Project Report

About

Student Name: Jakub Duchniewicz
Mentors: Iain Hunter and Hunyue Yau
GSoC entry link: Project#5734780890513408
Blog and wiki link: here :)
Project link: GPGPU with GLES
Introductory video: here
Proposal link: here

Introduction

Since BeagleBoards are heterogeneous platforms, why not use them to their full extent?

Until this project the GPU block lay mostly useless and could not assist with any computations due to non-technical reasons. However, now OpenGL ES 2.0 is being used in conjunction with EGL to perform computations in the shader code. The GPU’s targetted by this library are from the SGX 5xx family and they are readily available on both BBB and BBAI/X15. This allows for using the library in almost all models of the Beagle family.

With another computing unit, one can now offload some code to the GPU (remembering about data transfer overhead) and meanwhile continue with computations on the CPU. The process of extending the library with additional computations is quite straightforward and requires adding a relevant shader (sometimes unrolled due to limitations of GLSL compiler) and wrapping it in some glue code.
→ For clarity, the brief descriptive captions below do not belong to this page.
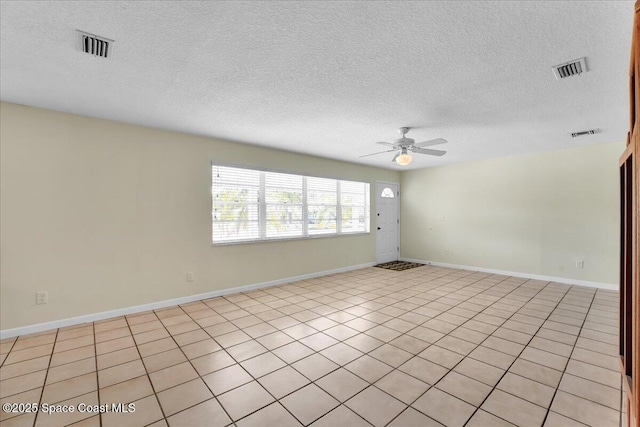 spare room with a textured ceiling and ceiling fan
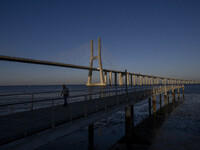 A person is seen walking around the walkway of the Vasco da Gama bridge, Lisbon. September 22, 2022. (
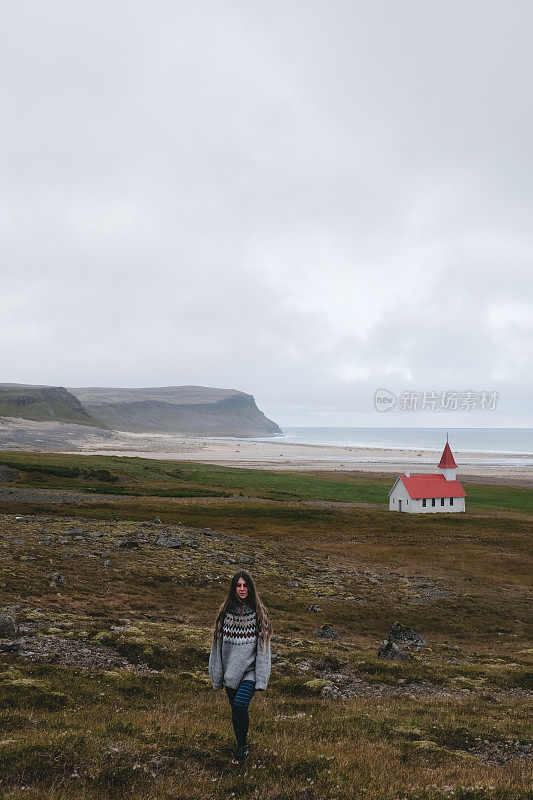 穿着羊毛衫的女人跑到遥远的美丽的教堂附近的海洋和山脉在冰岛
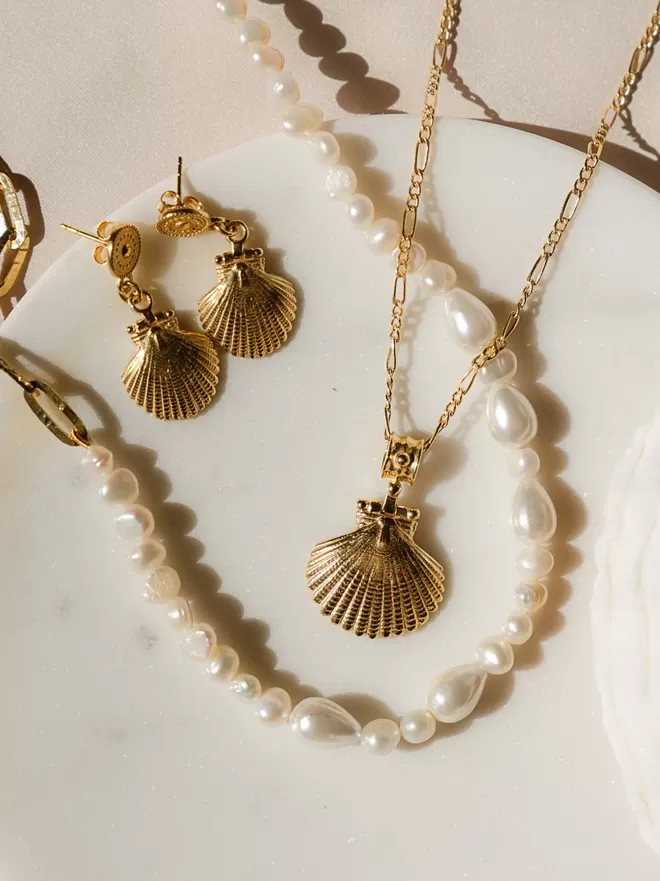 Gold vermeil shell pendant with matching shell earrings and pearl hammered chain on white background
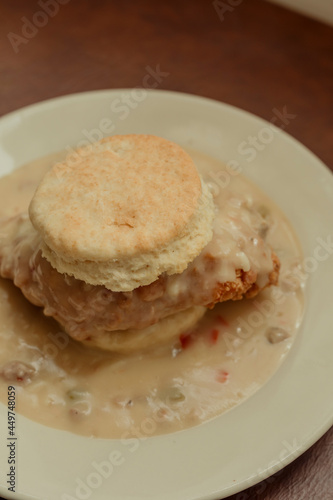 Southern-style smothered fried chicken biscuit
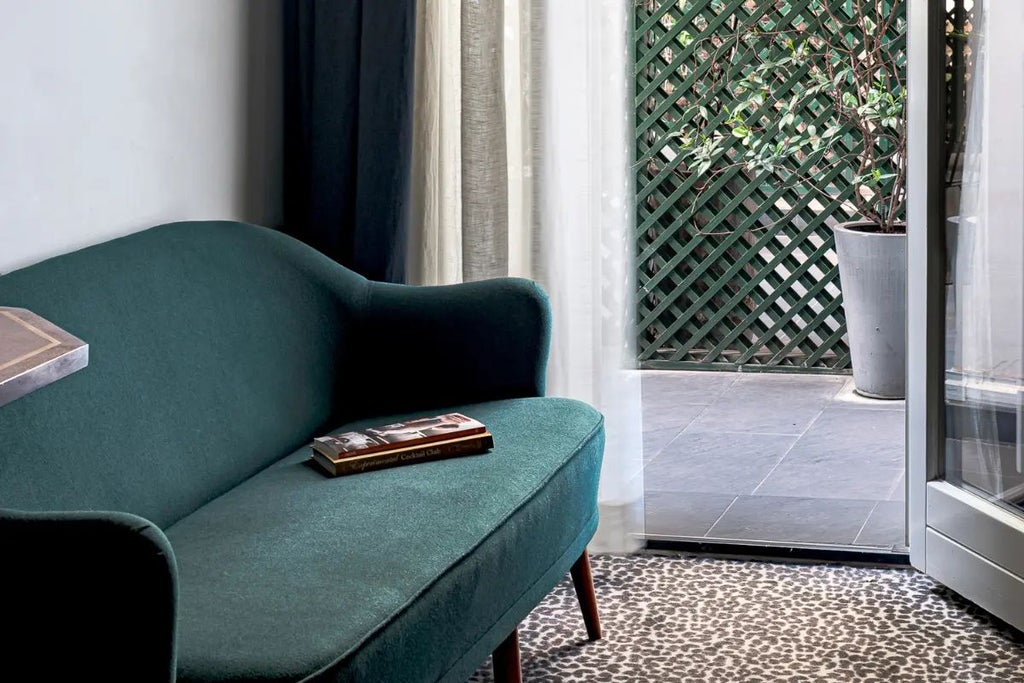 Elegant Parisian hotel room with soft color palette, featuring plush bedding, vintage-inspired decor, and large windows with warm golden light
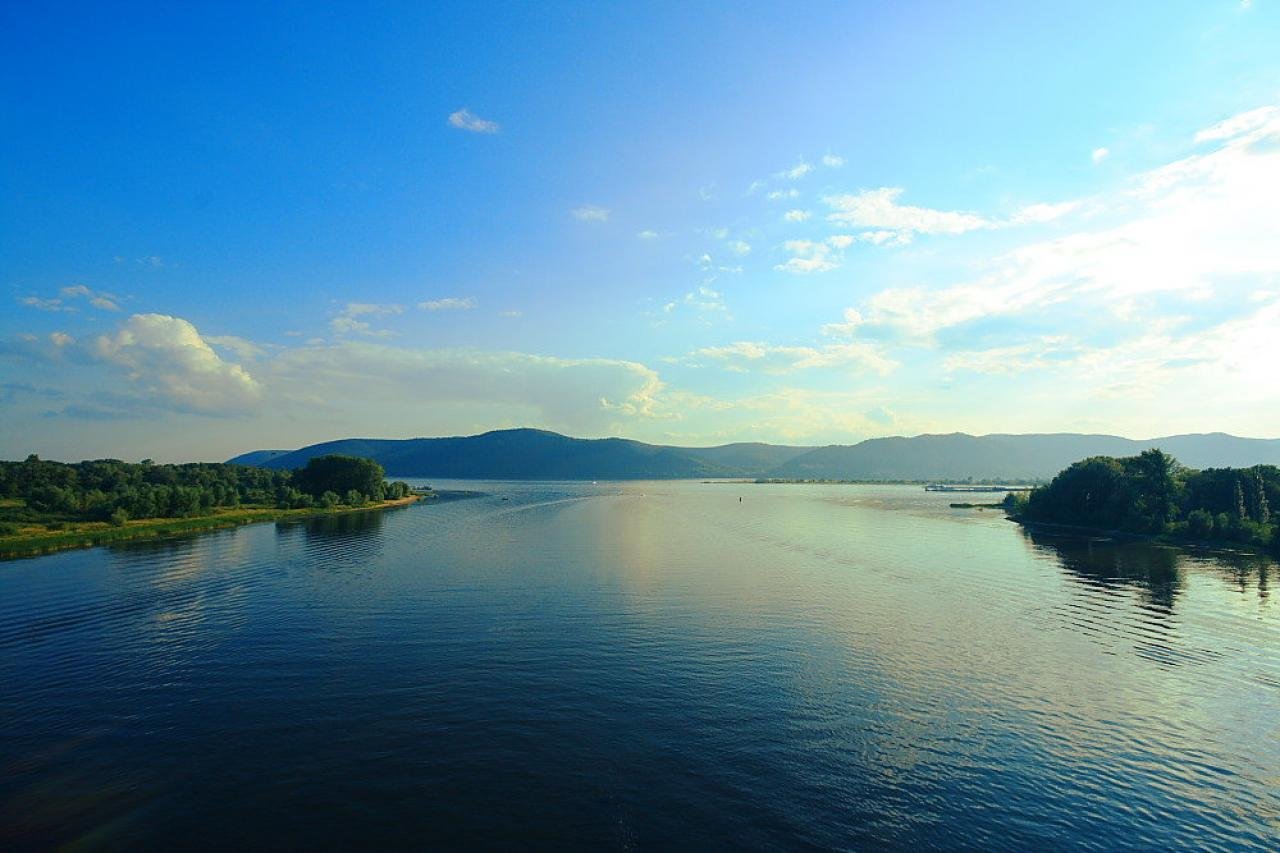 Панорама реки Волги с видом на широкое русло и зеленые берега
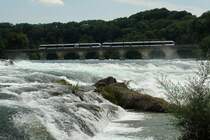 Thurbo S 33 nach Schaffhausen auf der Eisenbahnbr�cke am Rheinfall. F�r die Fahrg�ste ergibt sich ein spektakul�rer Ausblick auf den tosenden Wasserfall, dem gr�ssten Europas mit einer Breite von 150 m und einer H�he von 23 m. Ein Besuch ist nicht nur f�r Eisenbahnfreunde empfehlenswert. 18.7.2007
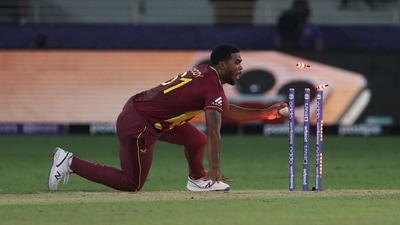 Dubai: West Indies' Obed McCoy takes the ball and hits the wicket to run out England's Moeen Ali during the Cricket T20 World Cup match between England and the West Indies at the Dubai International Cricket Stadium, in Dubai, UAE, Saturday, Oct. 23, 2021. AP/PTI(AP10_23_2021_000208A) (AP) Dubai: West Indies' Obed McCoy takes the ball and hits the wicket to run out England's Moeen Ali during the Cricket T20 World Cup match between England and the West Indies at the Dubai International Cricket Stadium, in Dubai, UAE, Saturday, Oct. 23, 2021. AP/PTI(AP10_23_2021_000208A) (AP)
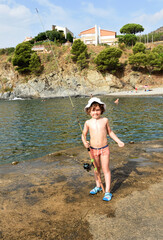 Boy holding a fishing rod on the Costa Brava, Colera, La Rovellada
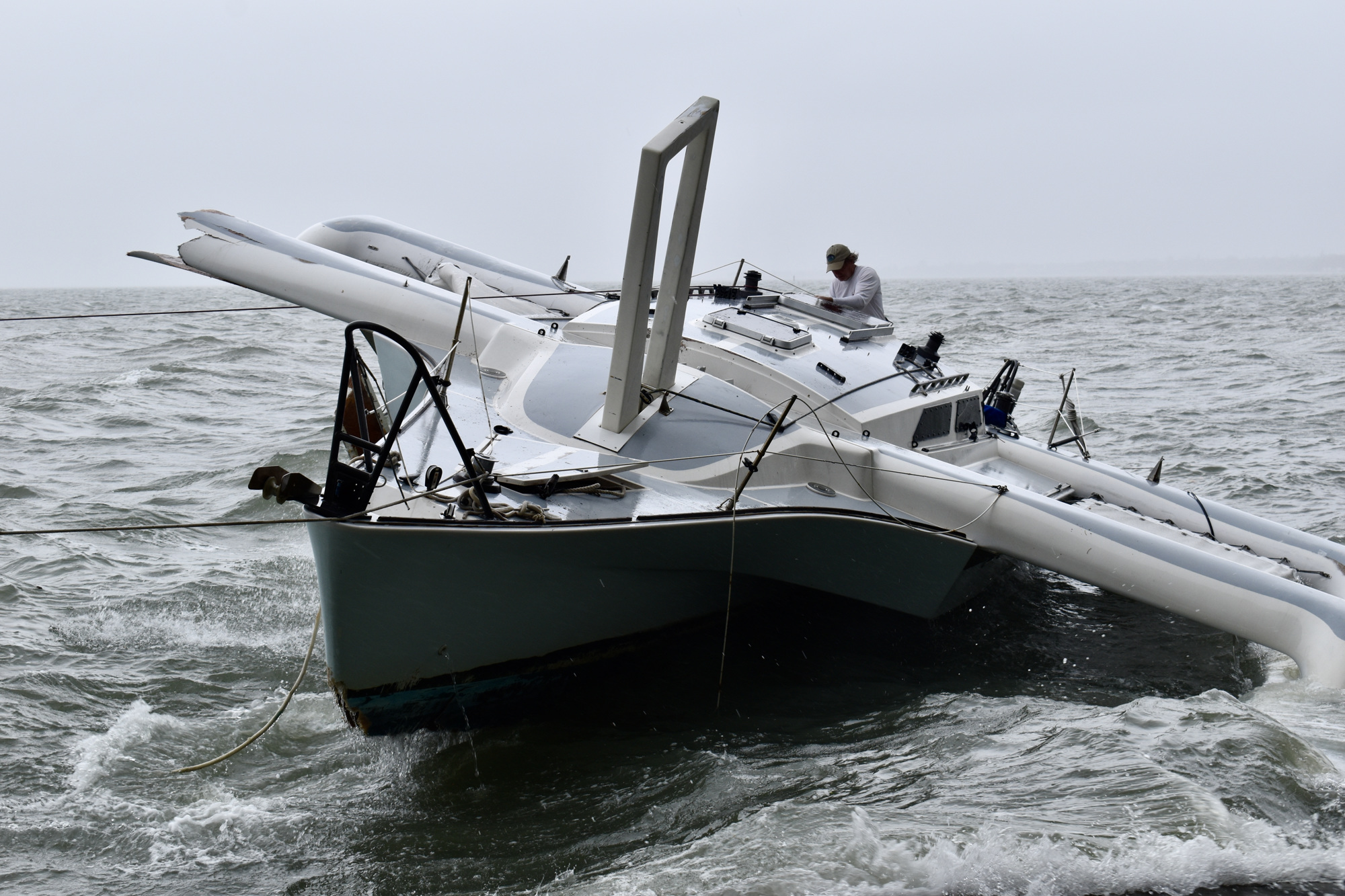 A man aboard a trimaran sailing boat works with a crew on shore to secure the vessel after it was driven against the seawall at Hart's Landing. (Eric Garwood)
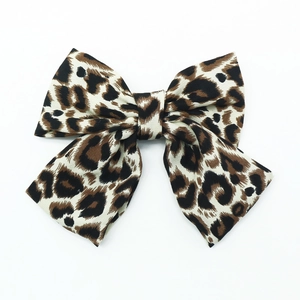 Pince à cheveux nœud papillon oversize à imprimé léopard en tissu sur fond blanc neutre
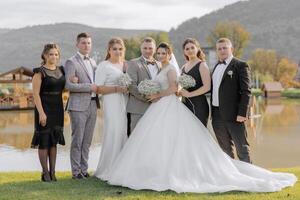 A group of people are posing for a photo, including a bride and groom. The bride is wearing a white dress and the groom is wearing a suit. The group is standing in front of a body of water photo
The two main blocks of the API is the single-shot and chain API, which allow for either a single opertaion or a sequence of opertaions to be performed on the input data.

For people interested in using the library/contributing, there is a README section in the library repository.

Caveat

As mentioned above, there is a small overhead depending on the sizes of data you want to do the computations on. It is outlined in more detail in the benchmarking post(section noop). The general rule of thumb I adopted is using texture sizes of 2048x2048 (maximum possible size on the BBB) and at least something complex enough to be non-implementable in a single instruction on the CPU (let’s face it, they are pretty powerful in terms of branch prediction and instruction prefetching).

For example:

For a size of 2048x2048 2D 3x3 convolution, the time consumed by transfers is around 1.5s, while the actual convolution takes around 0.5s.

On the CPU it takes 0.8s to do the convolution without doing any data transfers.

Detailed Implementation

As mentioned above, the API relies on using OpenGL ES 2.0 for performing the computations in shaders. With the newer version of this GPU bindings (notably 3.0) we could just use a compute shader and be done with everything - just present the data to our shader code by means of uniforms and attributes. However, with the older API we need to do the computations in the fragment shader.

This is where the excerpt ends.